Given Caravaggio’s fame and the endless monographs that have already been written about his art, some of which are absolutely excellent, one might legitimately ask whether we really need another offering on the king of chiaroscuro. The simple answer is that this is no ordinary book, above all for its illustrations. Indeed, I am sure its lucky author, Sebastian Schütze, would be the first to agree with this judgment, since it is no criticism of his contribution. On the contrary, he is to be congratulated on having produced a short but exemplary text, which scrupulously resists all of the wilder attributional and interpretative fantasies by which the study of the artist has of late been blighted.
Taschen are justly celebrated for the beauty of the best of their books, but on this occasion they have really pulled out all the stops. This is not simply because Caravaggio is a bookshelf-defying monster volume (it measures approximately 16 x 12 inches), which means that it is possible to include spectacular close-ups, but more tellingly because so many of the transparencies or scans are new, with the result that the book as a whole effortlessly surpasses all previous attempts to capture the magic of Caravaggio’s surfaces.

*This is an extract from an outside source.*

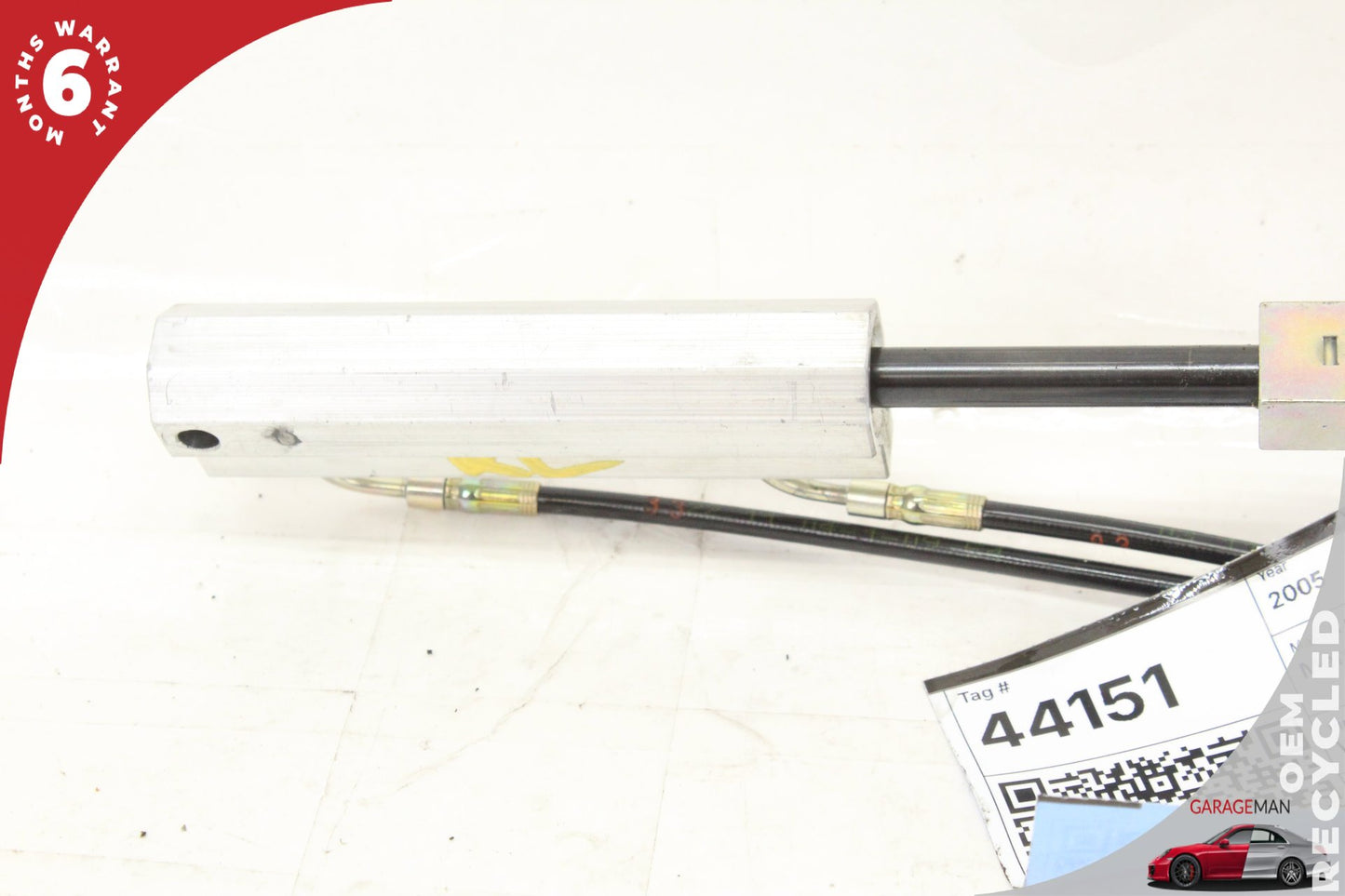 2003-2012 Mercedes-Benz SL500 R230 Convertible Left Trunk Frame Lock Cylinder 2308000972 OEM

It also underlines the extent to which the physical condition of the works, even when they must be of much the same date, differs as a consequence of their varying fates across the centuries. If it is a minor source of regret that there are not details of all of them (I was hoping to have a chance to test my heretical suspicion that the flowers in the Hermitage Lute-Player are by a Flemish still-life specialist such as Jan Brueghel, and not by Caravaggio), then it should be added in conclusion that overall — and in spite of the eye-watering price — this is a book no serious lover of art will wish to be without.